**Task**. Starting at the line that contains "Six-bedroom Holiday Home In Tarquinia (Vt)", transcribe each line exactly through the end of the data below, and skip any pictures.

**Data block**.

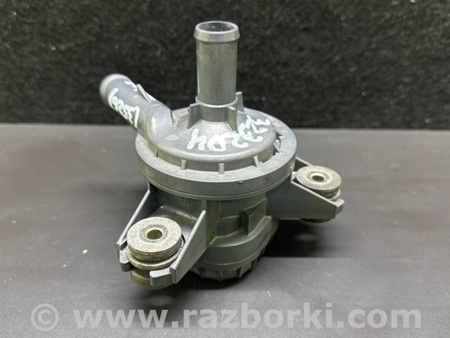 ФОТО Помпа инвертора для Toyota Prius Plus (11-14) Киев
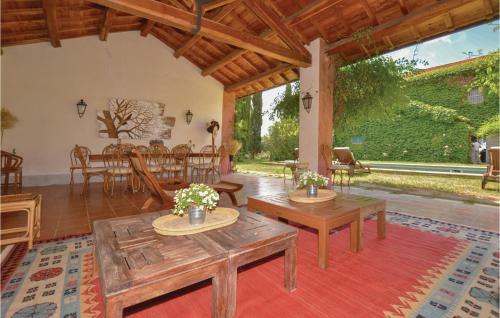 Six-bedroom Holiday Home In Tarquinia (Vt)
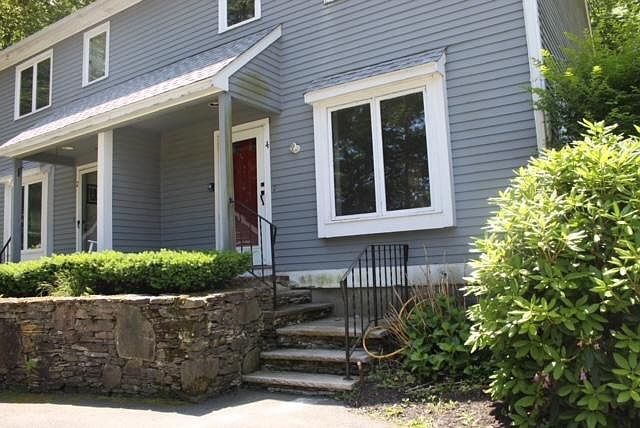 1st image of 4 Country Hollow Ln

**Task response**.
 Six-bedroom Holiday Home In Tarquinia (Vt)
 1st image of 4 Country Hollow Ln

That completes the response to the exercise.